L’alpinismo è insegnamento di valori per i giovani

di Stefano Mason - Scuola di Alpinismo“Le Maisandre” 2002

Spesso mi viene chiesto  il motivo che mi spinge a dedicarmi all’alpinismo, attività considerata da molti pericolosa e a volte estrema. Una richiesta comprensibile, ma in alcuni casi i toni e i termini usati riflettono la più tipica delle domande: “ma perché lo fai?” sintesi del pensierino del giorno: “ma chi te lo fa fare di rischiare la pelle per salire su una montagna?”.

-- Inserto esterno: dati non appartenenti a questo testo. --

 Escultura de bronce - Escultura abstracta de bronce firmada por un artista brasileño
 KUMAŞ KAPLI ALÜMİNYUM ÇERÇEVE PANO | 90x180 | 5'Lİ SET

In simili circostanze è facile riconoscere personaggi abbastanza lontani, come cultura e mentalità, dall’attività montana, spesso praticanti sport “innocui”, ma anche poco propensi a chiedersi il significato di alcuni termini ormai in disuso: sacrificio, coraggio, valore. Gli stessi che, dopo aver fatto una simile domanda, non aspettano nemmeno la risposta e si mettono davanti al televisore per il Gran Premio: “ I piloti di F1 rischiano la vita, ma è un’altra cosa!” .

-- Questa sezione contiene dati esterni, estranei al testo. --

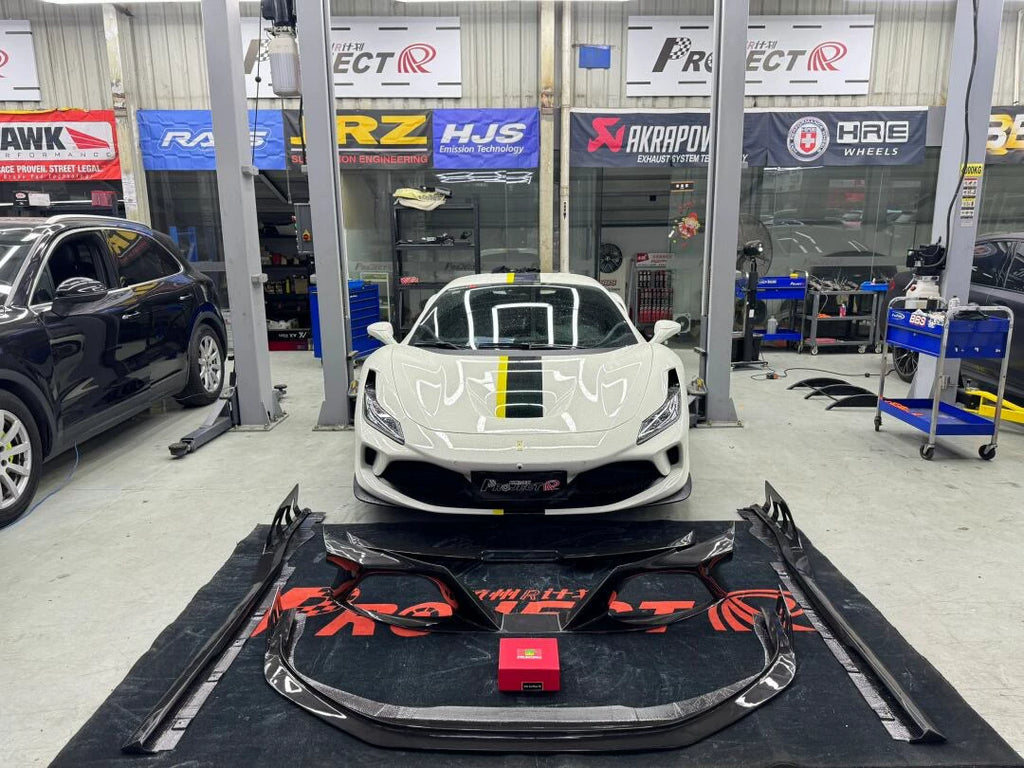 Ferrari F8 Tributo Keyvany-Style Dry Carbon Fiber Aero Kit – Front Lip, Side Skirts, Rear Lip, Wing & More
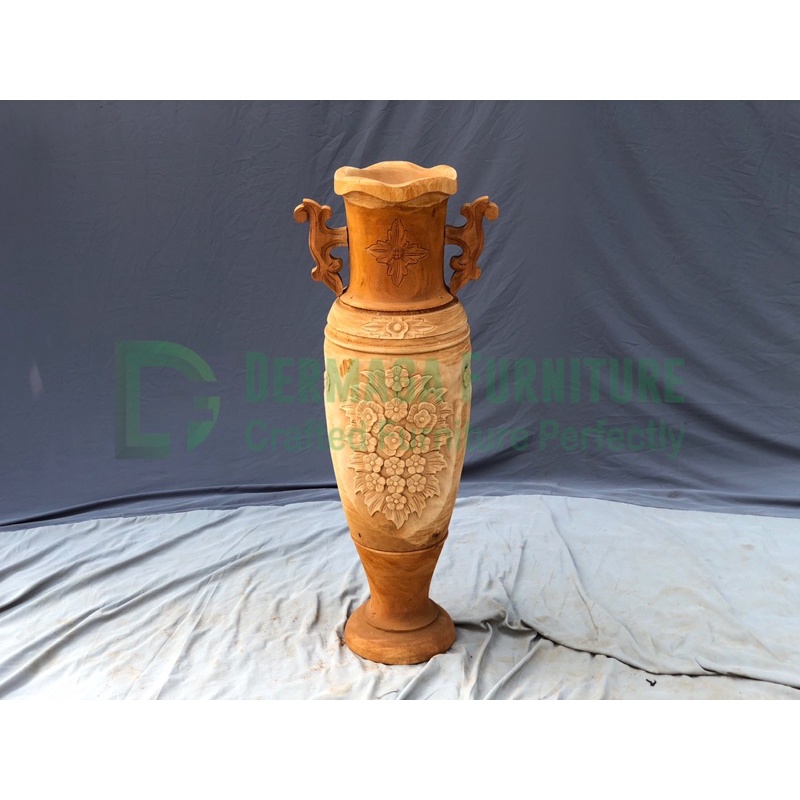 VAS BUNGA GUCI CANGKIR KAYU MAHONI VAS BUNGA DEKORASI PELAMINAN VAS BUNGA RUANG TAMU TERMURAH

C’è una profonda mancanza di rispetto per le passioni altrui.

Pochi danno un valore a quanto viene messo in gioco per queste passioni.

L’alpinismo è in grado di trasmettere forti sensazioni, ma richiede anche una formazione  della persona, al giorno d’oggi poco diffusa ma un tempo molto apprezzata. Chi va in montagna, per esempio, si rende conto che l’errore che commette lo paga subito, non domani, fra una settimana o mai. Ho visto allievi di scialpinismo stringere i denti in silenzio un’intera giornata per aver dimenticato i guanti e alpinisti “rompersi” volando su un passaggio di sesto a causa di una scarsa preparazione. E’ l’invito alla responsabilità, all’essere coscienti delle proprie mancanze. Oggi tutto tende alla semplificazione, alla ridistribuzione delle colpe, ad avere sempre e comunque una seconda possibilità.

Il sacrificio nell’alpinismo, inteso anche come fatica fisica, è sempre molto presente sia durante la preparazione che durante l’ascesa, in evidente  controtendenza con la vita attuale. Il sacrificio è un valore che non s’insegna solo raccontando che al tempo della guerra era un’altra cosa. Molti sono i giovani allievi in cui è facilmente riconoscibile la scarsa propensione alla sofferenza e alla rinuncia; queste, solitamente, sono premesse che danno poche possibilità di ottenere dei risultati, non solo nell’attività alpina. 

La generosità e l’aiuto dato al compagno nelle situazioni più difficili fanno onore all’alpinista. “Onore”, ecco l’altro termine  sconosciuto al tipo del “chi te lo fa fare” .

Riuscire a superare situazioni difficili e impreviste come un diedro  bagnato, una fessura sprotetta o un bivacco di fortuna, oltre a richiedere una buona dose di autocontrollo, di “testa”, consente di dare la giusta dimensione a tutte le banalità del vivere quotidiano che solitamente noi usiamo definire con il termine: ”è un grosso problema” .

Per finire vorrei spendere una parola sul coraggio che l’alpinista dimostra nell’affrontare le pareti e in genere la verticalità della montagna. Il coraggio non va confuso con l’incoscienza, abituale termine frutto della solita superficialità di analisi, il coraggio, per chi forse l’ha dimenticato, è una virtù preziosa che denota il carattere di un uomo, e che lo spinge con consapevolezza e tenacia a superere traguardi sempre più importanti.

L’alpinismo, se praticato nel modo corretto, rappresenta una “palestra” per la vita di tutti i giorni, nella quale ciascuno, soprattutto il giovane, può ritrovare quei valori che l’attuale società tende sempre più ad allontanare o a sostituire con modelli di vita più facili ma anche più poveri di contenuti.